Set out exactly, and with nothing added, the line containing "Vista exterior de" and every line after it through the final line of the data.

>>>

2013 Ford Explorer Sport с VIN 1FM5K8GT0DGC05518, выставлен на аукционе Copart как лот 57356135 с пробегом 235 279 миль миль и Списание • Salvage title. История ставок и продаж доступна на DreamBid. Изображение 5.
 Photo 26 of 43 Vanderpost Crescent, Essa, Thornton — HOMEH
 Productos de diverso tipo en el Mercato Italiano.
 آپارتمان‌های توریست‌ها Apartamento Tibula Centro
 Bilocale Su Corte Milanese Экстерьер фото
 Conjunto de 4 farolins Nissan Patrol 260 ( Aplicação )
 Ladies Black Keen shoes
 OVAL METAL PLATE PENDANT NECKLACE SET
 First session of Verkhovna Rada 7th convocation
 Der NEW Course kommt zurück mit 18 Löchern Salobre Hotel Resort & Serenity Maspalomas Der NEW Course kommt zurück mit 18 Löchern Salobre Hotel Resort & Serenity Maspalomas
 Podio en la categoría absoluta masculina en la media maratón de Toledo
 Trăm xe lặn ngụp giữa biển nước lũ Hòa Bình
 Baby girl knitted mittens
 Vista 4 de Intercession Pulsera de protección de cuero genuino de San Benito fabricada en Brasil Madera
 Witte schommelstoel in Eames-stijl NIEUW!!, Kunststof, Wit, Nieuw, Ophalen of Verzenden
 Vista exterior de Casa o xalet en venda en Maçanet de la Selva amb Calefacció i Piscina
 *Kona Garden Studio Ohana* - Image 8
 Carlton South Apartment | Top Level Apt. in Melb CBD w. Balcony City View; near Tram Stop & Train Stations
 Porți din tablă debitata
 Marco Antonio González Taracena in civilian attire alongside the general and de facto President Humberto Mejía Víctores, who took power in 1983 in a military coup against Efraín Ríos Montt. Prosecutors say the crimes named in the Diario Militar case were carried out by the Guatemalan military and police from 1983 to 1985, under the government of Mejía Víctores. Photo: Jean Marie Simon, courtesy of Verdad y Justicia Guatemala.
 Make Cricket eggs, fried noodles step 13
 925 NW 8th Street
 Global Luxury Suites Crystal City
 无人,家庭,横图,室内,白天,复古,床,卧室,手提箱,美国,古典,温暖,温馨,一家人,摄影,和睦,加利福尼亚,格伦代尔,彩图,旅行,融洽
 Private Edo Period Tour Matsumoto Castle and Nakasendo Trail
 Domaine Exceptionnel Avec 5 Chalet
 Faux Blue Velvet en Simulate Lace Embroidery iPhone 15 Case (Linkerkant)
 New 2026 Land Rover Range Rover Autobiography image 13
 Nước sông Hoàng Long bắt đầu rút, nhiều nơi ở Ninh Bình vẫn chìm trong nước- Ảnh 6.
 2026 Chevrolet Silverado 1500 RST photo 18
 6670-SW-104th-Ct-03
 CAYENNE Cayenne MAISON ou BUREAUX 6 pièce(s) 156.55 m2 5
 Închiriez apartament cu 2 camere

<<<

◆ **SOLVED PROBLEM**
 Vista exterior de Casa o xalet en venda en Maçanet de la Selva amb Calefacció i Piscina
 *Kona Garden Studio Ohana* - Image 8
 Carlton South Apartment | Top Level Apt. in Melb CBD w. Balcony City View; near Tram Stop & Train Stations
 Porți din tablă debitata
 Marco Antonio González Taracena in civilian attire alongside the general and de facto President Humberto Mejía Víctores, who took power in 1983 in a military coup against Efraín Ríos Montt. Prosecutors say the crimes named in the Diario Militar case were carried out by the Guatemalan military and police from 1983 to 1985, under the government of Mejía Víctores. Photo: Jean Marie Simon, courtesy of Verdad y Justicia Guatemala.
 Make Cricket eggs, fried noodles step 13
 925 NW 8th Street
 Global Luxury Suites Crystal City
 无人,家庭,横图,室内,白天,复古,床,卧室,手提箱,美国,古典,温暖,温馨,一家人,摄影,和睦,加利福尼亚,格伦代尔,彩图,旅行,融洽
 Private Edo Period Tour Matsumoto Castle and Nakasendo Trail
 Domaine Exceptionnel Avec 5 Chalet
 Faux Blue Velvet en Simulate Lace Embroidery iPhone 15 Case (Linkerkant)
 New 2026 Land Rover Range Rover Autobiography image 13
 Nước sông Hoàng Long bắt đầu rút, nhiều nơi ở Ninh Bình vẫn chìm trong nước- Ảnh 6.
 2026 Chevrolet Silverado 1500 RST photo 18
 6670-SW-104th-Ct-03
 CAYENNE Cayenne MAISON ou BUREAUX 6 pièce(s) 156.55 m2 5
 Închiriez apartament cu 2 camere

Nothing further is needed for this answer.